In approaching the research for my recently published TechRadar™ on strong authentication, at first I struggled a bit with overlapping concepts and terminology (as can be seen in the lively discussion that took place over in the Security & Risk community a few months back). The research ultimately revealed that form factor matters a lot — smartcards in actual card form, for example, have some properties and use cases distinct from smart chips in other devices. So smartcards became one of the 14 categories we included.
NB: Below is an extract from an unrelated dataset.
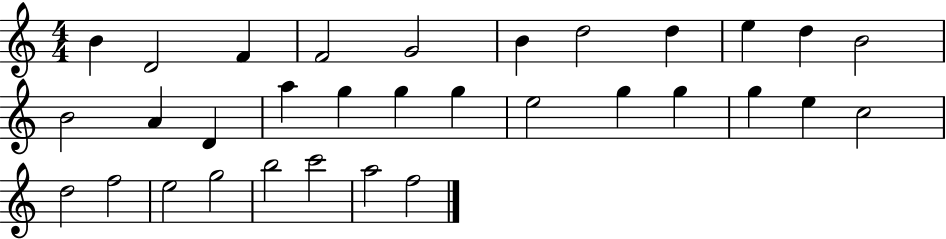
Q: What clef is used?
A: treble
The category that quickly became my favorite was "bring-your-own-token." BYOT is Forrester's term for the various methods (sometimes called "tokenless") that leverage the devices, applications, and communications channels users already have. The classic example is a one-time password that gets sent in an SMS message to a pre-registered phone, but we see emerging vendors doing a lot of innovation in this space. You can get a surprising amount of risk mitigation value from this lightweight approach, in which you can treat provisioning not as an expensive snail-mail package, but as a mere self-registration exercise. In a world where hard tokens and smartcards prove themselves to be, shall we say, imperfectly invulnerable, lightweightness can have a value all its own. In fact, BYOT showed up just behind these two venerable methods in the "significant success" trajectory on the TechRadar.

Here's my suspicion: BYOD has now led to BYOT. Soon enough we'll be able to combine BYOT with strong biometric bindings between users and their devices, which will help fix vulnerabilities of the type seen in the recent DoD smartcard breach while keeping biometrics "local" (and likely more privacy-protected). In that new era, true user-controllable BYOI — bring-your-own-identity — will become a more viable option in all kinds of settings, including the enterprise.